Daniel Walker Howe: What Hath God Wrought

[Daniel Walker Howe is Rhodes Professor of American History Emeritus at Oxford University and Professor of History Emeritus at UCLA. His books include What Hath God Wrought (2008 Pulitzer Prize winner) and Making the American Self: Jonathan Edwards to Abraham Lincoln. This essay is based on his presentation at the FPRI Wachman Center’s May 17-18, 2008 history institute on America in the Civil War Era, held at and co-sponsored by Carthage College, Wisconsin.]

When I signed on to do my volume in the Oxford History of the United States, several volumes had already appeared, so I knew what was expected. I also knew that I wanted to address not just fellow academic specialists and our captive audiences in the courses we teach but also the general curious public. I also wanted to combine the traditional kind of history—political, military, diplomatic—with the newer kinds of history: social, cultural, and economic. Both kinds of history are essential for a full understanding of the past.

One of the many aspects of history that I treat in the book is innovation in communications and its consequences. On May 24, 1844, Prof. Samuel F.B. Morse, sitting in the chambers of the U.S. Supreme Court in Washington, tapped out a message on a device of cogs and coiled wires. He used a code that he had recently devised and spelled out “What Hath God Wrought.” Thirty miles away in Baltimore, Morse’s associate, Alfred Vail, received the electric signals and telegraphed the message back. As those who witnessed it understood, this demonstration would change the world. For thousands of years, messages had been limited by the speed with which messengers could travel and the distance that eyes could see signals like flags or smoke. Neither Alexander the Great nor Benjamin Franklin two thousand years later had known anything faster than a galloping horse. Now, instant long-distance communication would become possible for the first time.

America in 1815-48
The years 1815-48 witnessed dramatic changes in the United States. The America of 1815 was what we would call a third-world country. Most people lived on isolated farmsteads. Their lives revolved around the weather and the hours of daylight. Many people grew their own food, and many wives made the clothes for their own family. It was the difficulty of transportation and communication that kept their lives so primitive. Only people who lived near navigable waterways could easily market their crops and get the money to buy commodities that were not produced locally or which they could barter with their friends or a local store keeper. With transportation costs high, only luxury goods could bear the costs of long-distance transportation over land. Information from the outside world was one of the most precious of these luxuries.

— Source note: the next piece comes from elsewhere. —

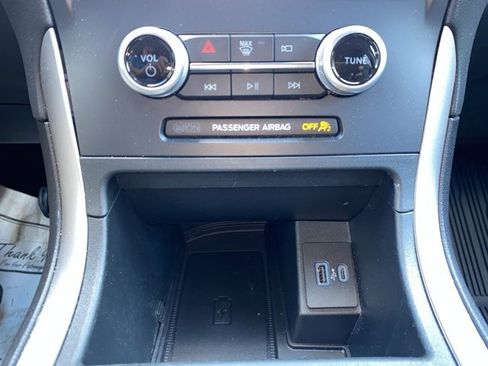 Certified 2022 Ford Edge SEL w/ Convenience Package image 13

By 1848, the U.S. was no longer a third-world country. It had become a transcontinental major power. The revolution in communications facilitated this transformation. Improvements in transportation such as the Erie Canal, the railroad, the steamboat, had also wrought enormous changes. Americans were much more integrated into a global economy by. The improvements in transportation and communications liberated people from the tyranny of distance. That is, they liberated people from isolation—economic, intellectual, and political.

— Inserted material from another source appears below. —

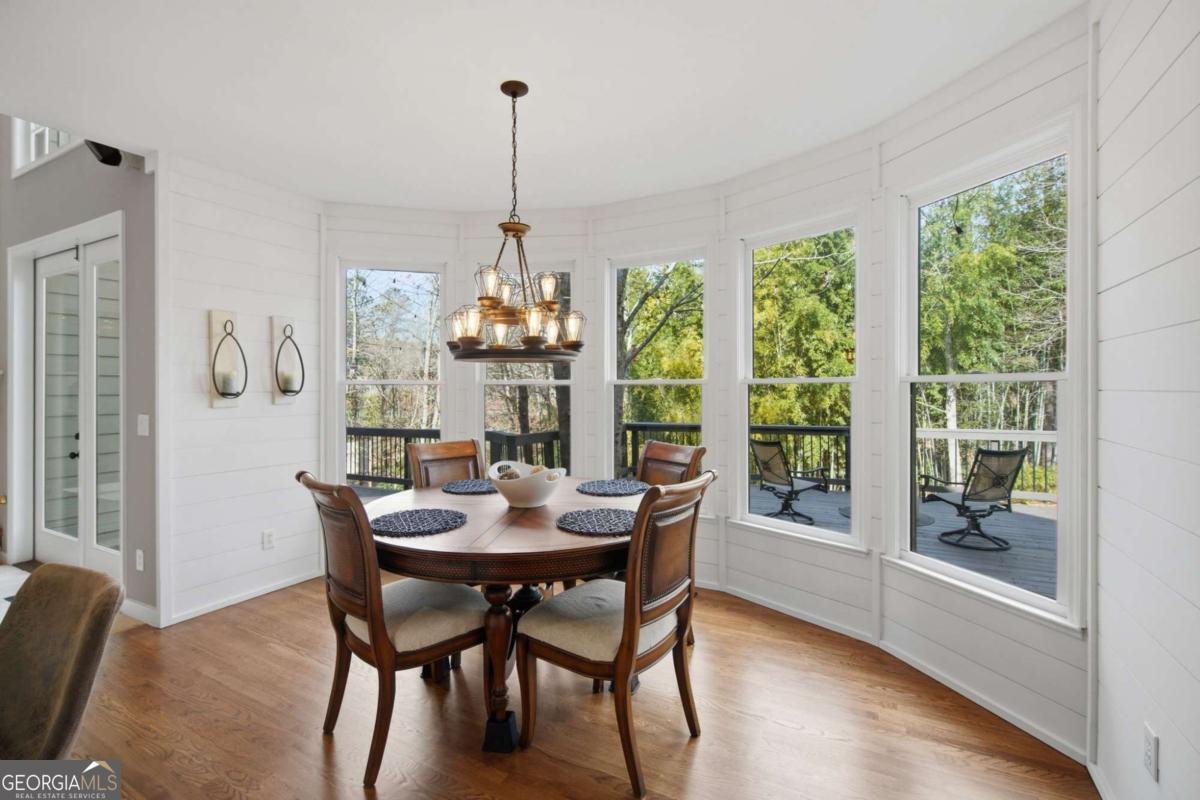 1021 Fairecroft Court Suwanee - Photo 11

Meanwhile, America was extending its territory westward until it stretched from sea to sea, creating a transcontinental empire that the new improvements in transportation and communication could integrate. The America of 1848 then was significantly more like the U.S. of today than it had been in 1815.

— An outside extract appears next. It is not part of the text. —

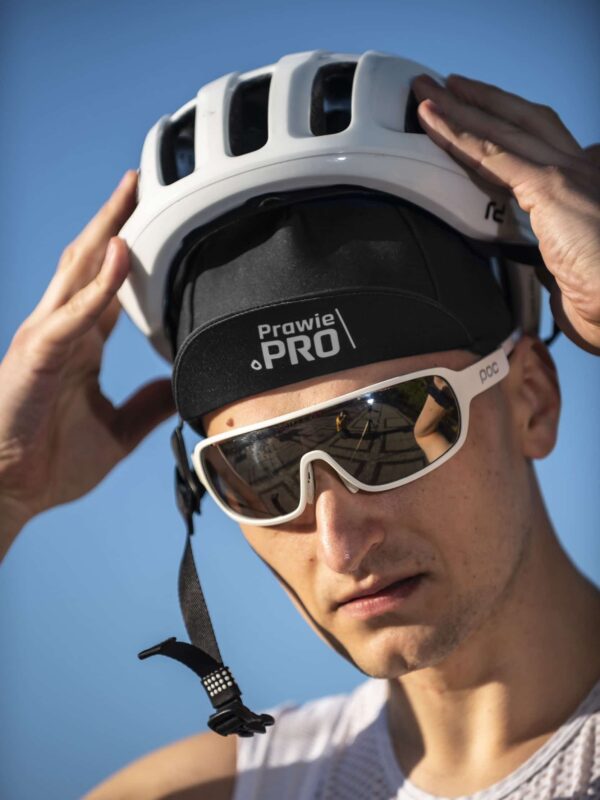 Czapka kolarska z daszkiem Prawie.PRO 300W Czarna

It’s useful to compare the impact of the telegraph with that of the internet in our own times. The telegraph probably lowered the cost of business transactions even more than the internet has. And it certainly seemed to contemporaries as an even more dramatic transformation. Commercial applications of Morse’s inventions followed quickly. Most Americans then earned their living through agriculture, and American farmers and planters increasingly produced food and fiber for far-off markets. Their merchants and bankers welcomed the chance to get news of distant prices and credit. The newly invented railroads used the telegraph to schedule trains, so they wouldn’t collide on the single tracks of the time. The electric telegraph solved commercial problems and at the same time had huge political consequences. Along with improvements in printing, it facilitated an enormous growth of newspapers, which in turn facilitated the development of mass political parties.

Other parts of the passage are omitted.